INFORMATION SHOWN:
◇ ◇ ◇
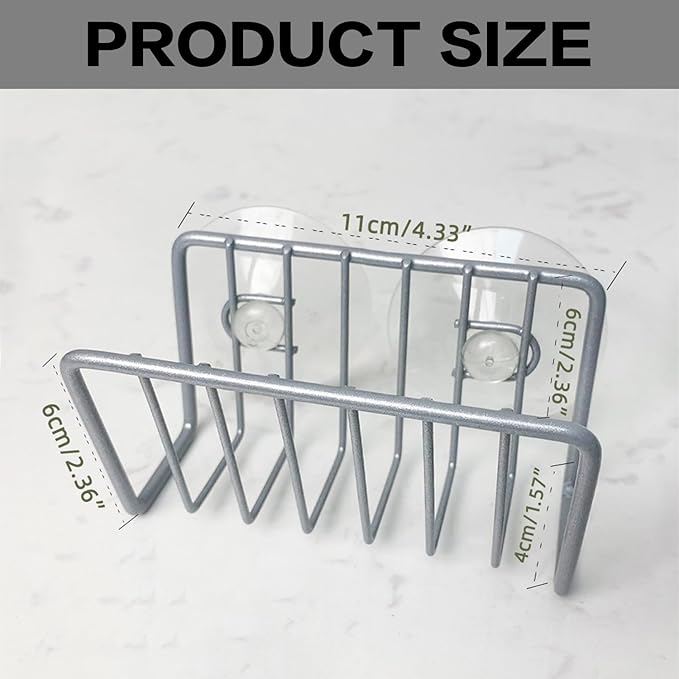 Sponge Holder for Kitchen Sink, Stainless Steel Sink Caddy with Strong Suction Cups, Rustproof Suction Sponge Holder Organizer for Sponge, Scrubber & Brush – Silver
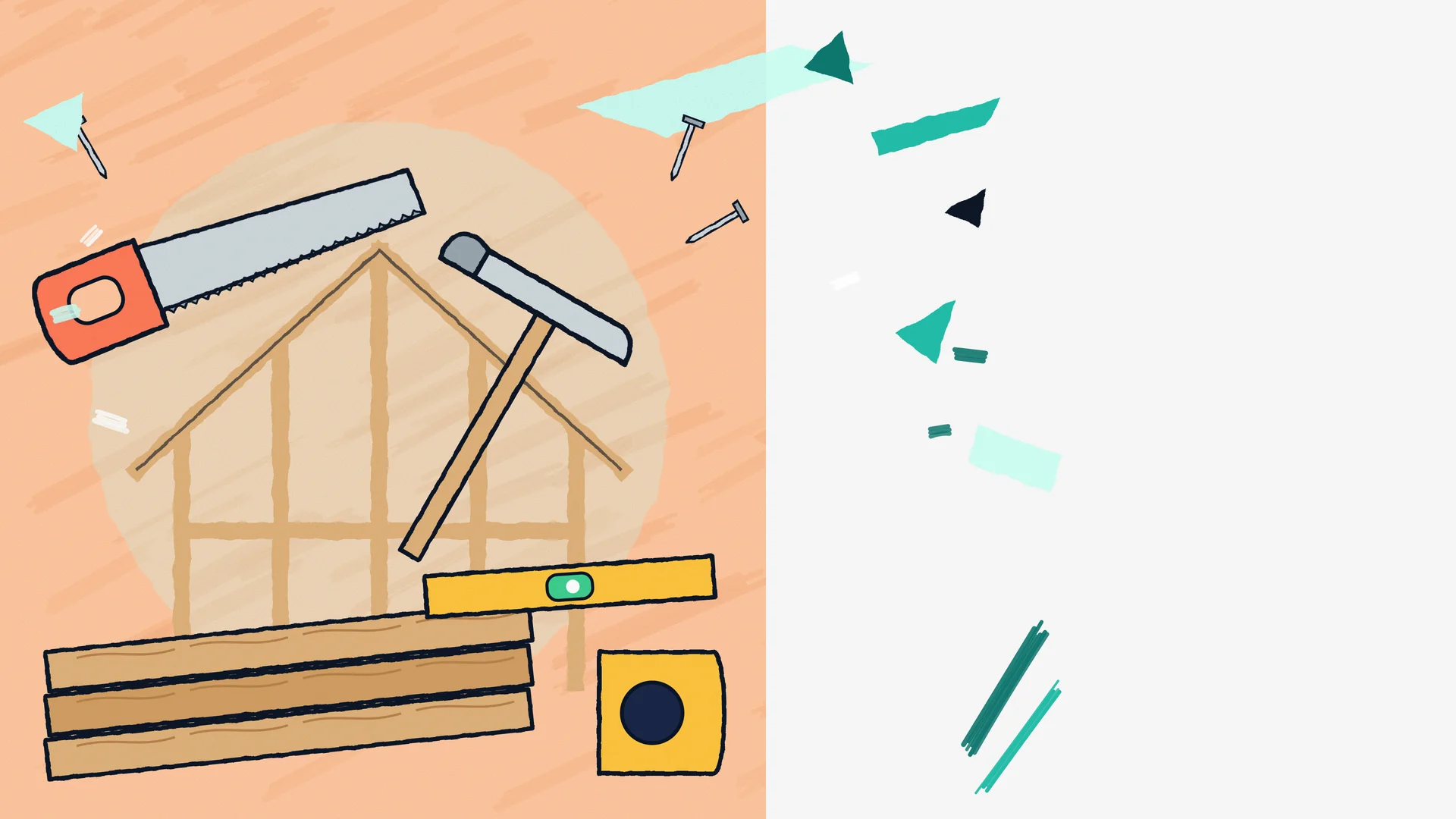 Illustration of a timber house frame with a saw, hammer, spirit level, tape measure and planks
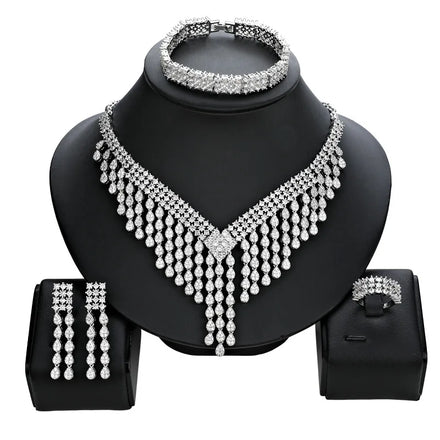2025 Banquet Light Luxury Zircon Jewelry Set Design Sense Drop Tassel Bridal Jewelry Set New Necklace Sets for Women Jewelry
◇ ◇ ◇
TASK TO CARRY OUT:
Omit the pictures, and quote the material above exactly as given.

YOUR SOLUTION:
 Sponge Holder for Kitchen Sink, Stainless Steel Sink Caddy with Strong Suction Cups, Rustproof Suction Sponge Holder Organizer for Sponge, Scrubber & Brush – Silver
 Illustration of a timber house frame with a saw, hammer, spirit level, tape measure and planks
2025 Banquet Light Luxury Zircon Jewelry Set Design Sense Drop Tassel Bridal Jewelry Set New Necklace Sets for Women Jewelry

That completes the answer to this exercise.